Doch auch Hans Fürnschuss schaffte, freilich wiederum erst nach einiger Zeit, die dem ausgiebigen Lecken der aus heiterem Himmel so grausam erfahrenen seelischen Wunden und dem Konsumieren hochprozentiger Elixiere gewidmet war, den Lebens-Bauchaufschwung. Mittels Eva-Maria, Annabelle, Nelly und noch einiger anderer, zum Teil recht geschmackiger Weibspersonen meldete er sich erstaunlich klarsichtig wieder im Hier und Heute zurück. Zwar hielten seine Beziehung ab nun in aller Regel kaum je länger als ein paar Monate; doch waren sie immerhin durchaus intensiv und größtenteils befriedigend. Er studierte außerdem weitgehend zielstrebig zu Ende und fand in der Folge dann sogar zu den alkoholischen Getränken eine Art von pragmatischem Abstand … So schien allen geholfen.

Irene und Benno? Die heirateten bald darauf. Folglich sah Hans die Ex-Verlobte und den Ex-Freund höchst selten. Und wenn, dann bloß en passant.

Dass er hin und wieder etwas von ihnen und ihrem familiären Glück (gesunde Ankunft der Kinder, Übersiedlung in immer schönere Wohnungen beziehungsweise noch prächtigere Häuser, Karrieresprünge des Herrn Professors et cetera) durch gemeinsame Bekannte erfuhr, ließ sich kaum vermeiden. Doch hatte Fürnschuss letztlich zu seinem eigenen neuen Lebensrhythmus gefunden, und dazu benötigte er just diese beiden Liebenden nicht.

 

Trommel, Katze und Hund

Hans Fürnschuss hatte sich für die Busreise nach Wien-Schwechat und dann für die Weiterfahrt von Warschau an den Zielort sowie für die Ausflüge, die man – entsprechend den Angaben in der Danziger Trilogie des Günter Grass – zu unternehmen vor hatte, alles ziemlich genau zurechtgelegt. Dazu gehörten auch Überlegungen zum fachlichen, zum literarischen Bereich, also etwa, was er grosso modo zum Erstlingsroman „Die Blechtrommel“, zur Novelle „Katz und Maus“ und zum Abschlussroman „Hundejahre“ anzumerken gedachte und womit er seine Klientel in Sachen Grass, Kaschubei, aber auch betreffend die deutsche Nachkriegsliteratur (einschließlich Aufarbeitung der NS-Zeit) überhaupt traktieren wollte.

Da es sich immer wieder als nicht besonders günstig erwiesen hatte, lange Original-Passagen im Bus (und per Mikrophon) zu deklamieren, sprach Hans meist frei über das Werk oder die Werke. Allerdings drückte er, klugerweise erst nach Beendigung der betreffenden Bildungsexkursion, dann den Teilnehmern, quasi als Aufmerksamkeit und geistiges Zubrot, ein kleines Dossier in die müden Hände. Darin waren, in wohlgesetzten Worten, seine meist recht griffigen Anmerkungen zum Thema, zu den betreffenden Autoren und zu den Orten des Wirkens oder des Geschehens verzeichnet.
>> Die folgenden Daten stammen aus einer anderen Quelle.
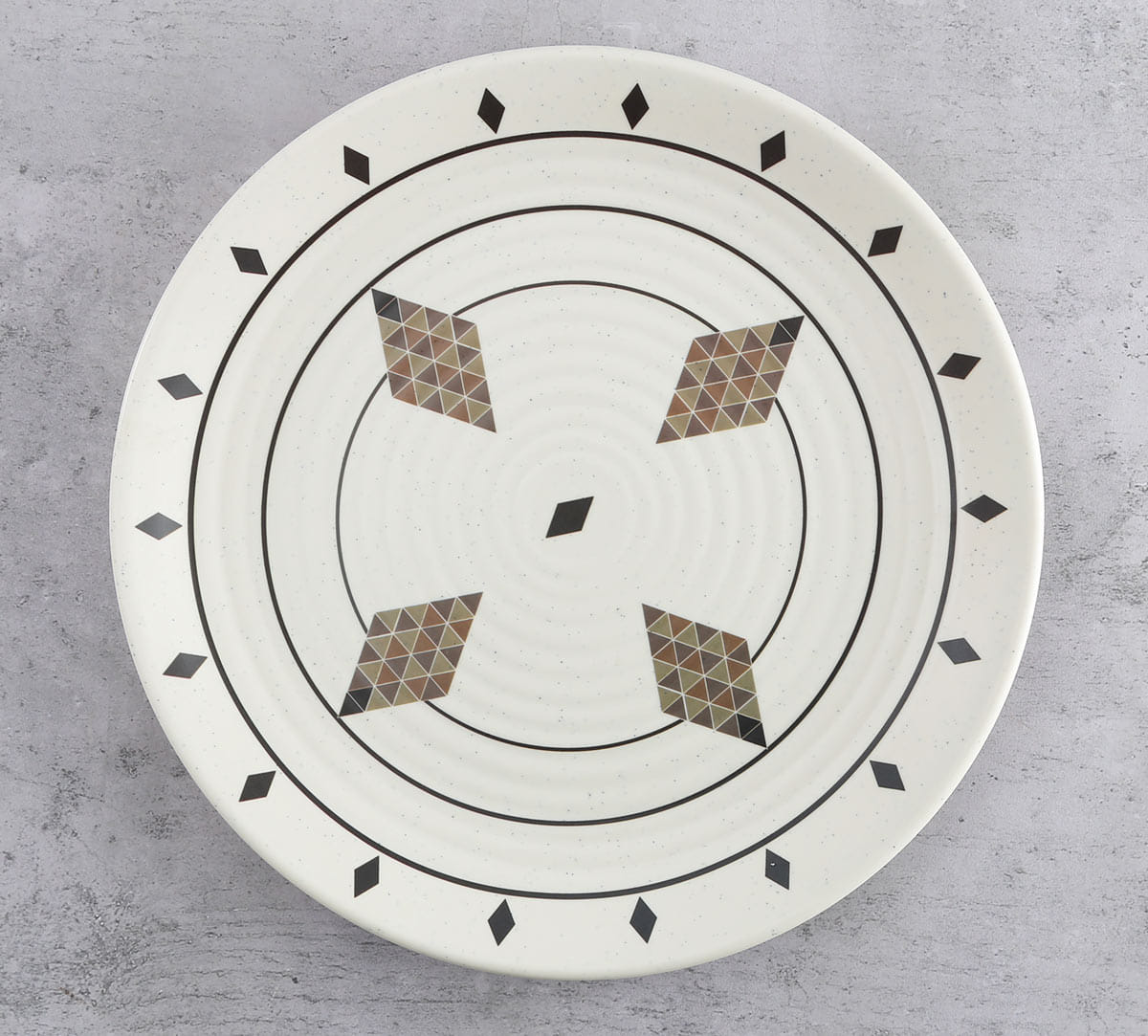Diamond Motifs Dinner Plate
In der Folge wollen wir hier der Einfachheit halber die Stationen der Anreise und den Flug nach Polen, auch wenn sie durchaus ihren Reiz hatten, aussparen. Außerdem kann freilich bloß eine kleine Zusammenfassung dessen geboten werden, was Dr. Fürnschuss in Sachen Grass und Danzig während der Busfahrten und auch abends, meist in kleiner Runde, so von sich gab. (Außerdem widmete er sich, umständehalber sozusagen, diesmal privat in erster Linie seinen special guests, Irene und Benno.
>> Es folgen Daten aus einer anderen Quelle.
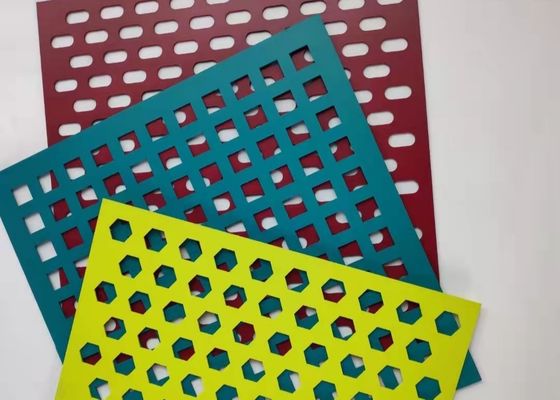 建築穴があいたアルミニウムは1.2*2.4mの穴を広げる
Doch auch das, was Dr. Fürnschuss über die Grass’schen Figuren-Kontsellationen, wie sie die Danziger Trilogie bestimmen, über Schreibweise und literarische Bedeutung des Autors und grundsätzlich über die geo-skriptorale Situation zu sagen wusste, soll hier – allein schon aus Platzgründen – nur gestreift werden.

Angefangen beim neurotischen, weitgehend egozentrischen sowie hellsichtig-pessimistischen Trommler und sarkastischen Beobachter aus der „Blechtrommel“, diesem aus eigenem Willen und Wollen heraus klein gebliebenen Antihelden Oskar Mazarath, und dessen bunter Sippschaft und skurriler Personage; über die bizarre Jugendrunde im Bann des übergroßen Adamsapfels des mageren Joachim Mahlke, des ausdauernden Onanisten und Skeptikers in „Katz und Maus“; bis zu den Mädchen Tulla und Jenny sowie ihrer Umgebung und, nicht zu vergessen: der Schäferhundezucht, aus der sogar des Führers Lieblingshündin hervorzugehen das Los getroffen hatte, die den dreigeteilten Roman „Hundejahre“ ausmachen …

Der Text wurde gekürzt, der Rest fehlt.